> _Goal of the exercise_: Where the records below reach the line containing "Galeriden Mercedes - Benz", start transcribing, and end with the line containing "2025 Ford Mustang", exactly and with nothing else added.

Brief descriptive captions:
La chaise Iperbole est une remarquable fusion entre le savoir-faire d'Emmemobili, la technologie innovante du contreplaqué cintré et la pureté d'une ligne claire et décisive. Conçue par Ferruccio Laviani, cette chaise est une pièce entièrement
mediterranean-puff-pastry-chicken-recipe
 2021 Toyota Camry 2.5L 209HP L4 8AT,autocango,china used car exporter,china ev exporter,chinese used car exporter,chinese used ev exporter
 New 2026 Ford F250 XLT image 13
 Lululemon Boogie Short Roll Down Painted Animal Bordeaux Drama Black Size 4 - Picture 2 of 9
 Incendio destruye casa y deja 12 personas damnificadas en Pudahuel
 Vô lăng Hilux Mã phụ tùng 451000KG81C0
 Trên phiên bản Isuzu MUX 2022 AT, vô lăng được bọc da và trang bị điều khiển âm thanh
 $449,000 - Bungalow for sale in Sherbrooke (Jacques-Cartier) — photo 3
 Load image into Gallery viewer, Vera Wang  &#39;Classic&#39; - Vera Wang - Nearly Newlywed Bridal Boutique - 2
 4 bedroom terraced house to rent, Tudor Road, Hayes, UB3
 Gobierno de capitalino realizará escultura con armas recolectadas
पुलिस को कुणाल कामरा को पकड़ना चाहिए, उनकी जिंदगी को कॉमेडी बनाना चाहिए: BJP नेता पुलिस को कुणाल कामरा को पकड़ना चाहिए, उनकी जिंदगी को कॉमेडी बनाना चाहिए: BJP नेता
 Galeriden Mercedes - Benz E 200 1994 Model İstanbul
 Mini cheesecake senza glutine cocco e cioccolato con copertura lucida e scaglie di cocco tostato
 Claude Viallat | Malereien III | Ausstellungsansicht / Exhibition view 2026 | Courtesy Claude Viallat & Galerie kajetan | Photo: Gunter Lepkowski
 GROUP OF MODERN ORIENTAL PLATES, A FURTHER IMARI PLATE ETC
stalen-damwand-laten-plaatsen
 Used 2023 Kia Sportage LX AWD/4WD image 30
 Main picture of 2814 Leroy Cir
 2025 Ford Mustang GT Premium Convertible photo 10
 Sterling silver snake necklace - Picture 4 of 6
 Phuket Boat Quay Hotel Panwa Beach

> _Your solution_:
 Galeriden Mercedes - Benz E 200 1994 Model İstanbul
 Mini cheesecake senza glutine cocco e cioccolato con copertura lucida e scaglie di cocco tostato
 Claude Viallat | Malereien III | Ausstellungsansicht / Exhibition view 2026 | Courtesy Claude Viallat & Galerie kajetan | Photo: Gunter Lepkowski
 GROUP OF MODERN ORIENTAL PLATES, A FURTHER IMARI PLATE ETC
stalen-damwand-laten-plaatsen
 Used 2023 Kia Sportage LX AWD/4WD image 30
 Main picture of 2814 Leroy Cir
 2025 Ford Mustang GT Premium Convertible photo 10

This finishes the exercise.